Prise au piège d’une greffe qui ne prend pas, la production fait long feu – notamment par la chorégraphie. Le souvenir des films se superpose artificiellement à l’opéra. Rien n’inspire ici la terreur ou la pitié, la tragédie a disparu. Pas assez tendue pour un tel sujet, la direction d’acteurs elle-même ne va pas au bout des situations et des personnages, la scène où Arsace révèle son identité à sa mère tombe à plat. Ceux qui assisteront à la version de concert donnée au Théâtre des Champs-Élysées n’auront rien perdu – sauf les belles lumières de Gilles Gentner.
Quand le meilleur vient d’Assur
Le 3 février 1823, la Fenice de Venise avait réuni un plateau d’exception, avec l’Arsace de Rosa Mariani, l’Assur de Filippo Galli, même si Isabela Colbran (dans le rôle-titre), l’épouse du maître, commençait à décliner. Inégale, la distribution rouennaise n’atteint pas de tels sommets mais se tient plutôt bien. Sans avoir le port et l’éclat de la reine, sans coïncider non plus tout à fait avec la tessiture du rôle, où il faut un médium et un grave plus substantiels, Karine Deshayes, de plus en plus soprano, convainc par sa maîtrise du canto spianato et du canto fiorito, par le rayonnement solaire de l’aigu aussi. Voici une Sémiramis techniquement et stylistiquement orthodoxe, reine plus fragile qu’impérieuse, bourrelée de remords, mais qui laisse un souvenir moins fort qu’une Salomé Jicia à Nancy, où Franco Fagioli interprétait Arsace. Huit ans après, le contre-argentin exhibe à Rouen des registres plus dessoudés encore, avec un médium exsangue et un aigu sans gloire, comme s’il avait trois voix, faisant d’autant plus regretter la flamboyance d’un contralto travesti, mais conservant heureusement sa science belcantiste pour incarner un Arsace moins vaillant et plus introverti.

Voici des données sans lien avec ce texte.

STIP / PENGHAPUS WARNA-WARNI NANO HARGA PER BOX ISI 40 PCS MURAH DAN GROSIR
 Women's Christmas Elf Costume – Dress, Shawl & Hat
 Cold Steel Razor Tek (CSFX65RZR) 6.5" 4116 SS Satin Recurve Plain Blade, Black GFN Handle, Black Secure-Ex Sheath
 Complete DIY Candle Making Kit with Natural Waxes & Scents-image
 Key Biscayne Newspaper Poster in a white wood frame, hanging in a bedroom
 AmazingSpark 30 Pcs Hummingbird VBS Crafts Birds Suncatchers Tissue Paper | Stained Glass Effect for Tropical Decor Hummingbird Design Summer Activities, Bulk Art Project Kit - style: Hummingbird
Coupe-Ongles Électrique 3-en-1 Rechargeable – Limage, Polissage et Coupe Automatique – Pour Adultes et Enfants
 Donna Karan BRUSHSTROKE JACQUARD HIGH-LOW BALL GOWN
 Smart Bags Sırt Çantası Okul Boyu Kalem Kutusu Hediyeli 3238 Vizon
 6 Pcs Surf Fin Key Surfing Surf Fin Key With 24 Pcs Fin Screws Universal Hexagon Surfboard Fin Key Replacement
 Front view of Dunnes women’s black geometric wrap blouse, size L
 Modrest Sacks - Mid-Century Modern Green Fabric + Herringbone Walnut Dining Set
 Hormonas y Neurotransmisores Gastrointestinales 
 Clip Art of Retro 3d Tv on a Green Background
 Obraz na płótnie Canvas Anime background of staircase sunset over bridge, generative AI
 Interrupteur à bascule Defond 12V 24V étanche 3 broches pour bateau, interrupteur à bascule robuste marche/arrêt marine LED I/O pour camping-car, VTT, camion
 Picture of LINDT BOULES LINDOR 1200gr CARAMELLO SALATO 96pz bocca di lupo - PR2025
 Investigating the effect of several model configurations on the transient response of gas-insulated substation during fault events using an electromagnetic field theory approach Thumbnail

Le meilleur, à vrai dire, vient de l’Assur de Giorgi Manoshvili, même s’il manque les graves du prince à son baryton basse : superbe timbre, ligne racée, colorature aisée. La scène de folie du II, où s’anticipent les visions de Nabucco ou de Macbeth, est remarquable par le phrasé et la noblesse de l’expression. Un authentique rossinien. L’autre clé de fa, pour être beaucoup moins exposée, n’impressionne pas moins : la basse puissante de Grigory Skarupa a toute la majesté du grand prêtre. Peu assuré au I, d’où l’on a retranché son air, Alasdair Kent, à l’émission serrée, s’affirme au II, avec des aigus haut-perchés où il risque de beaux diminuendos, un chant à la fois agile et châtié.
Tandis que le chœur (Accentus se joignant aux forces de la maison) assure bien, l’Orchestre de l’Opéra Normandie Rouen ne brille guère par la beauté de ses sonorités, peinant à restituer les couleurs de la partition, mais Valentina Peleggi le tient d’une main ferme. Elle a le sens du théâtre et du temps dramatique, animant de façon très suggestive les passages orchestraux, si bien que la longueur de la partition – plus de trois heures – ne se ressent jamais malgré des reprises qu’on eût aimées plus variées.
Semiramide de Rossini. Rouen, Théâtre des Arts, le 12 juin.